Tsing, Anna L. Jennifer Deger, Alder Keleman Saxena, and Feifei Zhou, eds. Feral Atlas: The More-Than-Human Anthropocene. https://feralatlas.org
Feral Atlas invites you to explore the ecological worlds created when nonhuman entities become tangled up with human infrastructure projects. Seventy-nine field reports from scientists, humanists, and artists show you how to recognize “feral” ecologies, that is, ecologies that have been encouraged by human-built infrastructures, but which have developed and spread beyond human control. These infrastructural effects, Feral Atlas argues, are the Anthropocene.

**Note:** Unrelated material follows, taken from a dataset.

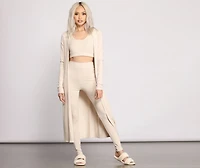 Ribbed Knit Long Sleeve Duster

Playful, political, and insistently attuned to more-than-human histories, Feral Atlas does more than catalog sites of imperial and industrial ruin. Stretching conventional notions of maps and mapping, it draws on the relational potential of the digital to offer new ways of analyzing—and apprehending—the Anthropocene; while acknowledging danger, it demonstrates how in situ observation and transdisciplinary collaboration can cultivate vital forms of recognition and response to the urgent environmental challenges of our times. (Source: Feral Atlas)
The Feral Atlas is a collaborative project curated by Anna L. Tsing, Jennifer Deger, Alder Keleman Saxena, and Feifei Zhou. Hosted by Stanford University, the interactive atlas features contributions by scholars, artists, and poets—including Amitav Ghosh, Will Steffen, Kate Brown, Ursula Müntster, and John McNeill.